# Task statement
Set down every entry below exactly as it stands.

# Task input
☆ ☆ ☆ ☆ ☆

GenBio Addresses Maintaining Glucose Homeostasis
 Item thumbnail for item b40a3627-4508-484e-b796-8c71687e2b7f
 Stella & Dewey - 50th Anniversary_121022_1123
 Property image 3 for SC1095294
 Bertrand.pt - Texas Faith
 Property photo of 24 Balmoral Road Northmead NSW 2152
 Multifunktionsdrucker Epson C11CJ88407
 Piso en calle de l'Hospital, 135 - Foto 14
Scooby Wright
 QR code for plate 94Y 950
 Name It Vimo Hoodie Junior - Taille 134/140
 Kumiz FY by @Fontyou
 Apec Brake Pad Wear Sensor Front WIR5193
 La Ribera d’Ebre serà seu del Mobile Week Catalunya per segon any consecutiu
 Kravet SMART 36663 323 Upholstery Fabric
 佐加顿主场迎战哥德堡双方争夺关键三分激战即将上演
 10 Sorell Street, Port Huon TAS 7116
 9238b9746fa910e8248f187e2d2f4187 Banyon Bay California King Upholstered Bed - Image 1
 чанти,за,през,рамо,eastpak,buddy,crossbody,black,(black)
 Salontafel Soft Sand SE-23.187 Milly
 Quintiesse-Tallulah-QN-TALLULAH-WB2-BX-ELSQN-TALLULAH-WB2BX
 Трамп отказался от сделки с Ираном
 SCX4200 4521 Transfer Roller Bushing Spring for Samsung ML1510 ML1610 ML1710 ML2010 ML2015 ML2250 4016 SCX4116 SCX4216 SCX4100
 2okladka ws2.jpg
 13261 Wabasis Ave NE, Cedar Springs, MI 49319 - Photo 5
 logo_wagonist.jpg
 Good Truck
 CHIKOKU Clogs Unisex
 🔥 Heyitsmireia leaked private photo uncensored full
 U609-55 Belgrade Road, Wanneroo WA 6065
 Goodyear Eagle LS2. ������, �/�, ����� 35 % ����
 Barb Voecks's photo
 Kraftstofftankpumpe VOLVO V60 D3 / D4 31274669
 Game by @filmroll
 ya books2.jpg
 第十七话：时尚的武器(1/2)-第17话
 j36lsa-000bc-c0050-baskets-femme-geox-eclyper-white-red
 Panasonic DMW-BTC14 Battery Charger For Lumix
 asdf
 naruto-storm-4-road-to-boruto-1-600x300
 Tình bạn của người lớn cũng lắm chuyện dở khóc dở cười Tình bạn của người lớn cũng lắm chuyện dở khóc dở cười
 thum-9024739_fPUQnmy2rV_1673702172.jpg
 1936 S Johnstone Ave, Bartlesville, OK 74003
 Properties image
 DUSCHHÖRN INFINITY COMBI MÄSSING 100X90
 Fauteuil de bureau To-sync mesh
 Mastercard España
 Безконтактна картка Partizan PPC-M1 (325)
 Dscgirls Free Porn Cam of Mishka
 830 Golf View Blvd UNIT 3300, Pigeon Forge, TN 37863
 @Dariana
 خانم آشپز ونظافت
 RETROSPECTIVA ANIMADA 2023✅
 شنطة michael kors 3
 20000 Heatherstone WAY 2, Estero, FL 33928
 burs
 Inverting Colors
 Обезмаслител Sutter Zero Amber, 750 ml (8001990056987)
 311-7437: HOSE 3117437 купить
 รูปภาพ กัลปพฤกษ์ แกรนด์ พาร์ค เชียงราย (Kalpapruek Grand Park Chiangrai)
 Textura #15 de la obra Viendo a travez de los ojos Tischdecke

☆ ☆ ☆ ☆ ☆

# Exercise solution
GenBio Addresses Maintaining Glucose Homeostasis
 Item thumbnail for item b40a3627-4508-484e-b796-8c71687e2b7f
 Stella & Dewey - 50th Anniversary_121022_1123
 Property image 3 for SC1095294
 Bertrand.pt - Texas Faith
 Property photo of 24 Balmoral Road Northmead NSW 2152
 Multifunktionsdrucker Epson C11CJ88407
 Piso en calle de l'Hospital, 135 - Foto 14
Scooby Wright
 QR code for plate 94Y 950
 Name It Vimo Hoodie Junior - Taille 134/140
 Kumiz FY by @Fontyou
 Apec Brake Pad Wear Sensor Front WIR5193
 La Ribera d’Ebre serà seu del Mobile Week Catalunya per segon any consecutiu
 Kravet SMART 36663 323 Upholstery Fabric
 佐加顿主场迎战哥德堡双方争夺关键三分激战即将上演
 10 Sorell Street, Port Huon TAS 7116
 9238b9746fa910e8248f187e2d2f4187 Banyon Bay California King Upholstered Bed - Image 1
 чанти,за,през,рамо,eastpak,buddy,crossbody,black,(black)
 Salontafel Soft Sand SE-23.187 Milly
 Quintiesse-Tallulah-QN-TALLULAH-WB2-BX-ELSQN-TALLULAH-WB2BX
 Трамп отказался от сделки с Ираном
 SCX4200 4521 Transfer Roller Bushing Spring for Samsung ML1510 ML1610 ML1710 ML2010 ML2015 ML2250 4016 SCX4116 SCX4216 SCX4100
 2okladka ws2.jpg
 13261 Wabasis Ave NE, Cedar Springs, MI 49319 - Photo 5
 logo_wagonist.jpg
 Good Truck
 CHIKOKU Clogs Unisex
 🔥 Heyitsmireia leaked private photo uncensored full
 U609-55 Belgrade Road, Wanneroo WA 6065
 Goodyear Eagle LS2. ������, �/�, ����� 35 % ����
 Barb Voecks's photo
 Kraftstofftankpumpe VOLVO V60 D3 / D4 31274669
 Game by @filmroll
 ya books2.jpg
 第十七话：时尚的武器(1/2)-第17话
 j36lsa-000bc-c0050-baskets-femme-geox-eclyper-white-red
 Panasonic DMW-BTC14 Battery Charger For Lumix
 asdf
 naruto-storm-4-road-to-boruto-1-600x300
 Tình bạn của người lớn cũng lắm chuyện dở khóc dở cười Tình bạn của người lớn cũng lắm chuyện dở khóc dở cười
 thum-9024739_fPUQnmy2rV_1673702172.jpg
 1936 S Johnstone Ave, Bartlesville, OK 74003
 Properties image
 DUSCHHÖRN INFINITY COMBI MÄSSING 100X90
 Fauteuil de bureau To-sync mesh
 Mastercard España
 Безконтактна картка Partizan PPC-M1 (325)
 Dscgirls Free Porn Cam of Mishka
 830 Golf View Blvd UNIT 3300, Pigeon Forge, TN 37863
 @Dariana
 خانم آشپز ونظافت
 RETROSPECTIVA ANIMADA 2023✅
 شنطة michael kors 3
 20000 Heatherstone WAY 2, Estero, FL 33928
 burs
 Inverting Colors
 Обезмаслител Sutter Zero Amber, 750 ml (8001990056987)
 311-7437: HOSE 3117437 купить
 รูปภาพ กัลปพฤกษ์ แกรนด์ พาร์ค เชียงราย (Kalpapruek Grand Park Chiangrai)
 Textura #15 de la obra Viendo a travez de los ojos Tischdecke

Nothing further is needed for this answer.